REQUIRED WORK:
In the data below, find the line containing "Retro Embroidered Floral", then set down that line and every later line up to and including the line containing "Casa · 118m² · 3 Ambientes · 1 Cochera", exactly.

DATASET ENTRIES:

---

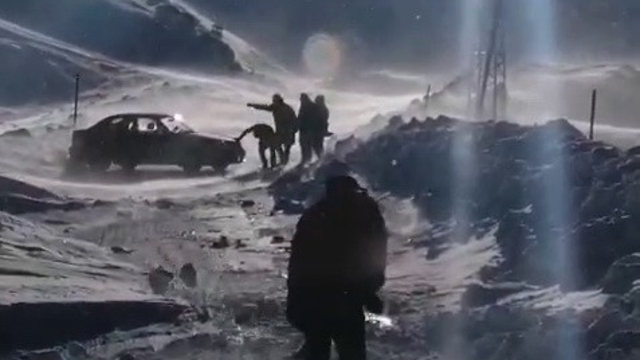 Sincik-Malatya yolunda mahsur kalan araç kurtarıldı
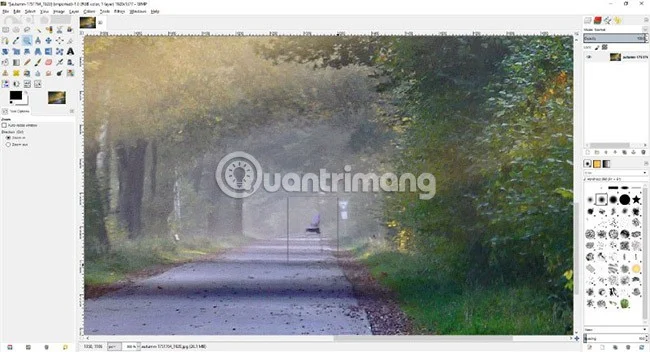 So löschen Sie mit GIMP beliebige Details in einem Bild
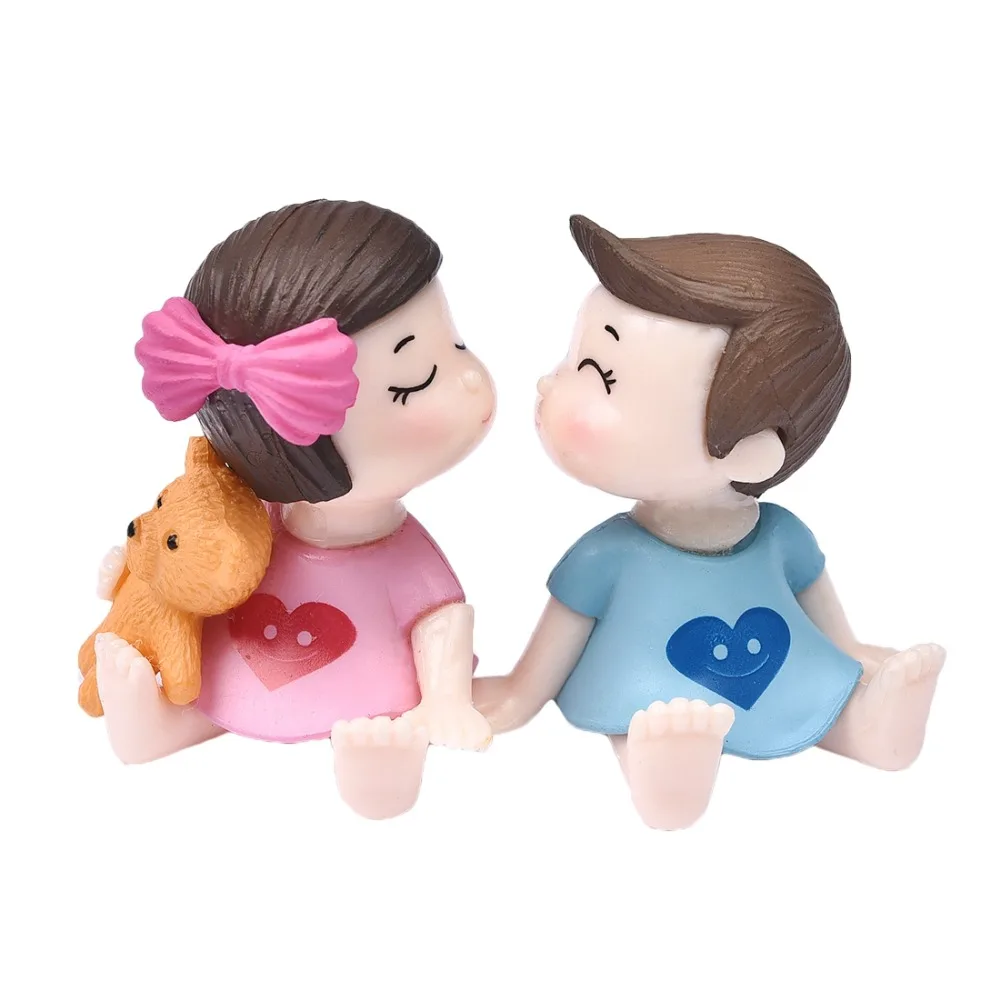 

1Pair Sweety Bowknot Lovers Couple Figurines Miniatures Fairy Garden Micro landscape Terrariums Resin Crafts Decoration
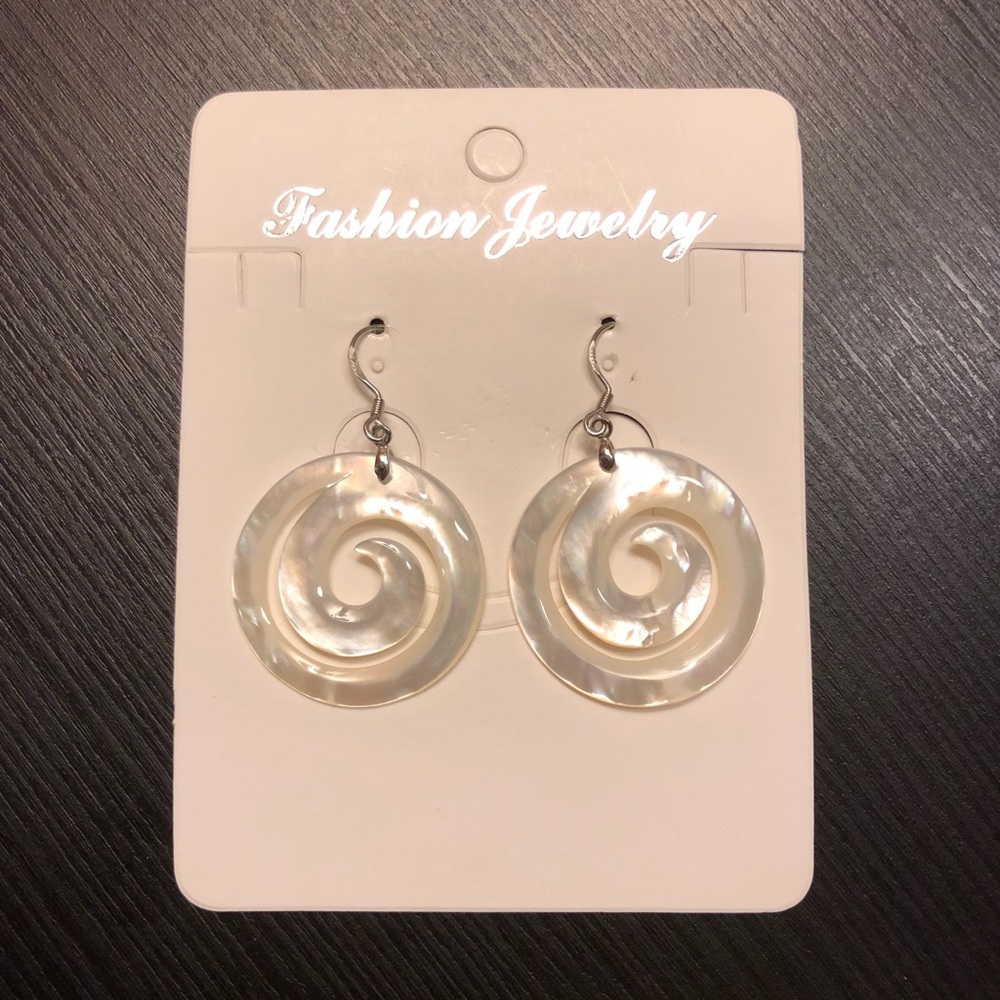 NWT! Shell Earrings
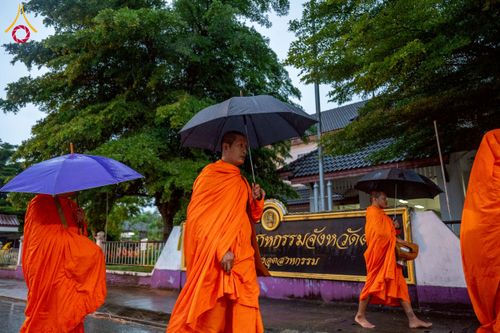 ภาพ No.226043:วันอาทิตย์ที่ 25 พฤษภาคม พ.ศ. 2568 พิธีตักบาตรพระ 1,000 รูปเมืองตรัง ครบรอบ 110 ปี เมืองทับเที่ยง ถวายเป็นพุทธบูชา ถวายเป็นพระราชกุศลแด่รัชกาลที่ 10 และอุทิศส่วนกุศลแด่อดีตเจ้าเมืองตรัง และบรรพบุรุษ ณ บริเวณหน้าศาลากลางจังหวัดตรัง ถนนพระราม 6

---

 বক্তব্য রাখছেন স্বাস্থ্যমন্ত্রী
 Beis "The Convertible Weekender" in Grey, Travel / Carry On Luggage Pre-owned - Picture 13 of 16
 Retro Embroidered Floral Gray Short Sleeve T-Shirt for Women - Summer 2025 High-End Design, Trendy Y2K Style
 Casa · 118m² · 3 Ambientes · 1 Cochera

---

EXERCISE RESPONSE:
 Retro Embroidered Floral Gray Short Sleeve T-Shirt for Women - Summer 2025 High-End Design, Trendy Y2K Style
 Casa · 118m² · 3 Ambientes · 1 Cochera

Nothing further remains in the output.